Activity:
Since only part of the material below is wanted, output exactly the lines from the one with "Pullman-Dubai-Creek-City-Center-Room" up to and including the one with "Unos soldados entrando".

Data extracts:
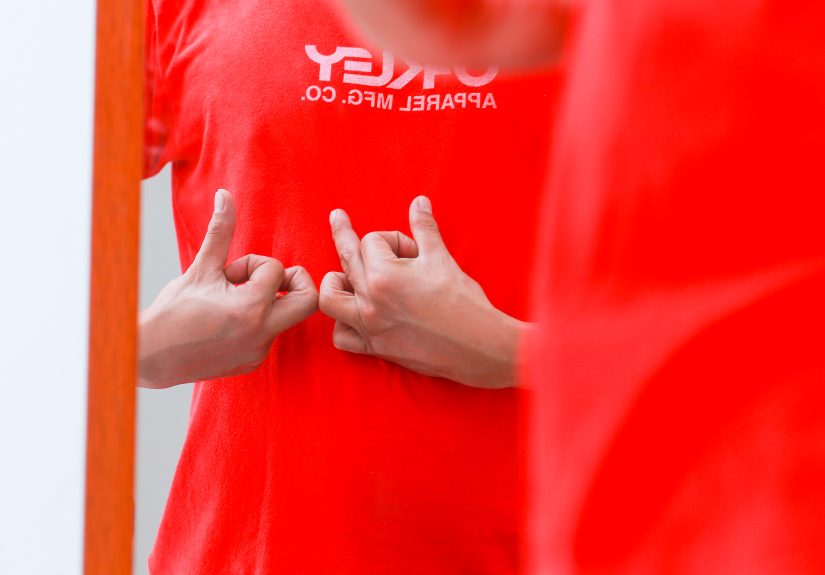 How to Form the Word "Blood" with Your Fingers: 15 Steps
==
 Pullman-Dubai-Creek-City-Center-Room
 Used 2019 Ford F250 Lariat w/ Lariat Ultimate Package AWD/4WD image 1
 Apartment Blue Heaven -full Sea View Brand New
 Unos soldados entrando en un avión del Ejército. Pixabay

Exercise output:
 Pullman-Dubai-Creek-City-Center-Room
 Used 2019 Ford F250 Lariat w/ Lariat Ultimate Package AWD/4WD image 1
 Apartment Blue Heaven -full Sea View Brand New
 Unos soldados entrando en un avión del Ejército. Pixabay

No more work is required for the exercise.